LOCI is a middleware layer on top of Qdrant that makes spatiotemporal structure first-class through three novel primitives:

1. Multi-Resolution Hilbert Bucketing

Encode (x, y, z, t) at multiple Hilbert resolutions (p=4, 8, 12). Spatial bounding-box queries use a Hilbert integer pre-filter with overlap, then apply an exact payload post-filter as the authoritative geometric check. By default queries start at the coarsest indexed resolution; with adaptive=True, dense regions can be promoted to finer Hilbert resolutions at query time.

         Naive Qdrant               LOCI
    ┌──────────────────┐     ┌──────────────────┐
    │ x_min ≤ x ≤ x_max│     │                  │
    │ y_min ≤ y ≤ y_max│ →   │ hilbert_r4 ∈ {…} │
    │ z_min ≤ z ≤ z_max│     │  (single filter)  │
    └──────────────────┘     └──────────────────┘

2. Temporal Sharding

Automatic routing of vectors to time-partitioned Qdrant collections (loci_{epoch_id}).
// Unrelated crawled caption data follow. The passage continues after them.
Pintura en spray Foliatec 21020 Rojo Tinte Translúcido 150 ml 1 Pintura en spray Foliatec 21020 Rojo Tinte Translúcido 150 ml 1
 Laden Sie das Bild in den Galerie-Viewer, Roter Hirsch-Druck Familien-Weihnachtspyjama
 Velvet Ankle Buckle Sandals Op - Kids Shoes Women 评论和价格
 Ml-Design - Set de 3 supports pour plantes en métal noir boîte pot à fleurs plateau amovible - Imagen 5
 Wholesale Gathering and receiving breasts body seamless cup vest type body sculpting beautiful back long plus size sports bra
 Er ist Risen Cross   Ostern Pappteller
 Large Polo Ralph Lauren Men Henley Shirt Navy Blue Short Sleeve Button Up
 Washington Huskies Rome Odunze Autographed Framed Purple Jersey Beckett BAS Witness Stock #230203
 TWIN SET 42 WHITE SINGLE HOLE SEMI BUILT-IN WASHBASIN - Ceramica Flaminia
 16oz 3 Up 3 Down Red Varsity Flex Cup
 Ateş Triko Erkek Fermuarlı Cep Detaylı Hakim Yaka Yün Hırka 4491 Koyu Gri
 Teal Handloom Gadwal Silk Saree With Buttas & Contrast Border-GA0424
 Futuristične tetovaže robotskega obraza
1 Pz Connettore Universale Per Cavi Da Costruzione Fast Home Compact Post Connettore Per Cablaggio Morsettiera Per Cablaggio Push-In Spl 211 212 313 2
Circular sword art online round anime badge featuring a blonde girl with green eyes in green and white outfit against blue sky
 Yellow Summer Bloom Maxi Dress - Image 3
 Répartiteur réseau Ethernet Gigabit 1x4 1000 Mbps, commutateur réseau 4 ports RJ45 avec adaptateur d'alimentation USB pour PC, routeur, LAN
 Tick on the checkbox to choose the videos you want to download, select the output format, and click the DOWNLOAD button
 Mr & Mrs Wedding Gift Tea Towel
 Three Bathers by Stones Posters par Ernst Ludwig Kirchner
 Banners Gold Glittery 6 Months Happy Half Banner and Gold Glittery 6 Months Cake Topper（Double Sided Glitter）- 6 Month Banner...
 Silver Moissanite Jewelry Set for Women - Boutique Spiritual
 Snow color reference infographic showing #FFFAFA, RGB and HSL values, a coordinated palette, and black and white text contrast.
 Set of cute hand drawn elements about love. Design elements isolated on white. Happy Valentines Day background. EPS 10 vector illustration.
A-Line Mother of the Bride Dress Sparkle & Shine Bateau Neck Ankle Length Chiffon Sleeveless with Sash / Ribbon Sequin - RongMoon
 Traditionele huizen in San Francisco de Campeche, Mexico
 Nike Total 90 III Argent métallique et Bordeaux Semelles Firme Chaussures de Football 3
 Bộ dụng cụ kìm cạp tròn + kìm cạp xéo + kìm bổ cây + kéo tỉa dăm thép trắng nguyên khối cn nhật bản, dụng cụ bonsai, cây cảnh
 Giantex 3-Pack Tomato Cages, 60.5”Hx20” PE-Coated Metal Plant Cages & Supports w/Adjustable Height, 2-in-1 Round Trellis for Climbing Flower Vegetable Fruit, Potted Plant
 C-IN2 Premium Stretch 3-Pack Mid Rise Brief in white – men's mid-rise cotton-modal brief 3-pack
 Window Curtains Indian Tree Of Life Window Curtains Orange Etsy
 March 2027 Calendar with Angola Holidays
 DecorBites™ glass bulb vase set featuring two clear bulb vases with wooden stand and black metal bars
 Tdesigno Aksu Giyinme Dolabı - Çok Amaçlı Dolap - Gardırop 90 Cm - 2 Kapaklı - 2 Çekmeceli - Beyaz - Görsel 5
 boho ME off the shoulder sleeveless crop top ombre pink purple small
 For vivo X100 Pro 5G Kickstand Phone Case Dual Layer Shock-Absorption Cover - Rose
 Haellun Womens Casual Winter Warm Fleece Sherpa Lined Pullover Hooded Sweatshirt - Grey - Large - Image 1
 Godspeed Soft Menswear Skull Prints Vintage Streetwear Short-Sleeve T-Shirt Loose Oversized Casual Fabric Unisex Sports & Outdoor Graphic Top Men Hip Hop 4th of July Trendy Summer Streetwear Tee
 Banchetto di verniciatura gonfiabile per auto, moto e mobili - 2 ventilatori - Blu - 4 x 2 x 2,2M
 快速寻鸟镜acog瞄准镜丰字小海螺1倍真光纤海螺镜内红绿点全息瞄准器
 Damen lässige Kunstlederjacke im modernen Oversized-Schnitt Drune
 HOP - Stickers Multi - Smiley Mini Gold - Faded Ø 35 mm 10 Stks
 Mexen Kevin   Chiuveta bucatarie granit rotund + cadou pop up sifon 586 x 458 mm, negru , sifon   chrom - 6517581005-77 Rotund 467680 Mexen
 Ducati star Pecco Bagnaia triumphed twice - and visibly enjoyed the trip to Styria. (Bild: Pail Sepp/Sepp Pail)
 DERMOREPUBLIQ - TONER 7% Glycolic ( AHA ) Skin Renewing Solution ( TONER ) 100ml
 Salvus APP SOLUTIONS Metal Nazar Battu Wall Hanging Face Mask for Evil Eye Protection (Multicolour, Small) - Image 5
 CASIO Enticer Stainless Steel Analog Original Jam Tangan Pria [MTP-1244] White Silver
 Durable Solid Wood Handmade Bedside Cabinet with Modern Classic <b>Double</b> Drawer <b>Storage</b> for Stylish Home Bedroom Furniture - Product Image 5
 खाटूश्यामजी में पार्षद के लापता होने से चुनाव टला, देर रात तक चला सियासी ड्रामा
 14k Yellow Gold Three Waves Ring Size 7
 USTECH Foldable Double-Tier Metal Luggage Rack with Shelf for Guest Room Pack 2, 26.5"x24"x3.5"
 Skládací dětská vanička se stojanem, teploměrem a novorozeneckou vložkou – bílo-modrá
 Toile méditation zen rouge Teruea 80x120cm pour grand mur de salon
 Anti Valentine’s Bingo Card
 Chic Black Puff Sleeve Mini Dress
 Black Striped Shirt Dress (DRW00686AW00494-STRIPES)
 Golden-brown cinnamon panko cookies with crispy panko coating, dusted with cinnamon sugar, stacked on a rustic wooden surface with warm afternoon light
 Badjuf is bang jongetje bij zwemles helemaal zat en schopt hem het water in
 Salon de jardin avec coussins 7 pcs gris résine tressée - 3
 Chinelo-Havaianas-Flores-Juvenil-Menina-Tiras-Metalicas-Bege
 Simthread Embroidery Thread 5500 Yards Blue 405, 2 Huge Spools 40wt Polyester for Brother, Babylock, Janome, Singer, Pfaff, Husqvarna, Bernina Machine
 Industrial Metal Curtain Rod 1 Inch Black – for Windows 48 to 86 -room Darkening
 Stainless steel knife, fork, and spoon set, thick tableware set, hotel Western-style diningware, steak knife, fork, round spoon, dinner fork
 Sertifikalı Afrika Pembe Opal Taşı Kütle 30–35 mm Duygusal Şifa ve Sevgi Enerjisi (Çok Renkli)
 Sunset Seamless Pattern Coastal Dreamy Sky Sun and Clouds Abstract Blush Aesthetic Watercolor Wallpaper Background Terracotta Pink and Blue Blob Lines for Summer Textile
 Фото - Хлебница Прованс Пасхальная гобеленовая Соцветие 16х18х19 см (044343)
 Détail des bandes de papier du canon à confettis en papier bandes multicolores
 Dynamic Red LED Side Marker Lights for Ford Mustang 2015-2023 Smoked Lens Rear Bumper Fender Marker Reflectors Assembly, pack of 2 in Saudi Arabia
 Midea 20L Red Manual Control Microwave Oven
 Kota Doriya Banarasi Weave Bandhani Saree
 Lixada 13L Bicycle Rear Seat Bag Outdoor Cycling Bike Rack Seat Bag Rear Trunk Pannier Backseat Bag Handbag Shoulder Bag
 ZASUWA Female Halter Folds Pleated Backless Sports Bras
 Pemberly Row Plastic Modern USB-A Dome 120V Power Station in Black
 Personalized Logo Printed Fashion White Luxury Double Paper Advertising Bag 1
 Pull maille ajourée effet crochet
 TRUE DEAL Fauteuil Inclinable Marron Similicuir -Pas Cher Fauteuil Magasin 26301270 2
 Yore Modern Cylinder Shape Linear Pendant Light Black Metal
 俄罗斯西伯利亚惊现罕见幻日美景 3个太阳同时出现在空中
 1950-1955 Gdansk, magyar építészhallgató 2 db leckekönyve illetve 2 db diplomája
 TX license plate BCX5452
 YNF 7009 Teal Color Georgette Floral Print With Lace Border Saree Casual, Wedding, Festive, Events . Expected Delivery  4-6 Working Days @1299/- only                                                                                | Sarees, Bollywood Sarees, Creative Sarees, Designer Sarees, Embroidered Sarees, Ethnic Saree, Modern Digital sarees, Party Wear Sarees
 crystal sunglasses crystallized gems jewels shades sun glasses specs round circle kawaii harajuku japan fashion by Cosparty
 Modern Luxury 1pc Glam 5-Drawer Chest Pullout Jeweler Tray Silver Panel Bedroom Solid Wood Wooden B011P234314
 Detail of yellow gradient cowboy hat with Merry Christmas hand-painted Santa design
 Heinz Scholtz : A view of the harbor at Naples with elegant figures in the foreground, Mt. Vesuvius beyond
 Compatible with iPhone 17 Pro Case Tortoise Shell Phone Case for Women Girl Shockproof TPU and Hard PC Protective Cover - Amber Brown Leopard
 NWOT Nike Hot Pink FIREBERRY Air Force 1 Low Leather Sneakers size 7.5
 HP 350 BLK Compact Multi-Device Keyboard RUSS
Configurable epoch size. Queries fan out only to epochs that overlap the requested time window — with the async client, all shards are searched concurrently via asyncio.gather.

3. Predict-then-Retrieve with Novelty Detection

An atomic API call that composes a user-supplied world model with vector search, returning both results and a novelty score:

result = client.predict_and_retrieve(
    context_vector=current_embedding,
    predictor_fn=my_world_model,
    future_horizon_ms=2000,
    current_position=(0.5, 0.3, 0.8),
)
print(f"Novelty: {result.prediction_novelty:.2f}")
# 0.0 = "I've seen this before"
# 1.0 = "This is new territory"

Quick Start

No Docker? No problem — in-memory mode

Try LOCI instantly with zero infrastructure using LocalLociClient:

pip install loci-stdb          # or: pip install -e ".[dev]"
from loci import LocalLociClient, WorldState

client = LocalLociClient(vector_size=512)

# Insert a world state
state = WorldState(
    x=0.5, y=0.3, z=0.8,
    timestamp_ms=1000,
    vector=[0.1] * 512,
    scene_id="my_scene",
)
state_id = client.insert(state)

# Query by vector similarity + spatial bounds + time window
results = client.query(
    vector=[0.1] * 512,
    spatial_bounds={"x_min": 0.0, "x_max": 1.0,
                    "y_min": 0.0, "y_max": 1.0,
                    "z_min": 0.0, "z_max": 1.0},
    time_window_ms=(0, 5000),
    limit=10,
)

With Qdrant (production)

pip install loci-stdb
docker run -p 6333:6333 qdrant/qdrant
from loci import LociClient, WorldState

client = LociClient(
    "http://localhost:6333",
    vector_size=512,
    epoch_size_ms=5000,
    distance="cosine",
)

# Insert world states
state = WorldState(
    x=0.5, y=0.3, z=0.8,
    timestamp_ms=1700000000000,
    vector=[0.1] * 512,
    scene_id="warehouse_sim",
    scale_level="patch",
)
state_id = client.insert(state)

# Batch insert (truly batched — one Qdrant call per epoch)
ids = client.insert_batch(states)

# Spatiotemporal query with overlap factor
results = client.query(
    vector=query_embedding,
    spatial_bounds={"x_min": 0.2, "x_max": 0.8,
                    "y_min": 0.0, "y_max": 1.0,
                    "z_min": 0.0, "z_max": 1.0},
    time_window_ms=(start_ms, end_ms),
    limit=10,
    overlap_factor=1.2,  # 20% expanded search for boundary recall
)

# Predict-then-retrieve with novelty scoring
result = client.predict_and_retrieve(
    context_vector=current_embedding,
    predictor_fn=my_world_model,
    future_horizon_ms=2000,
    current_position=(0.5, 0.3, 0.8),
)

# Trajectory reconstruction via scroll API
trajectory = client.get_trajectory(state_id, steps_back=20, steps_forward=20)

# Episodic context window
context = client.get_causal_context(state_id, window_ms=5000)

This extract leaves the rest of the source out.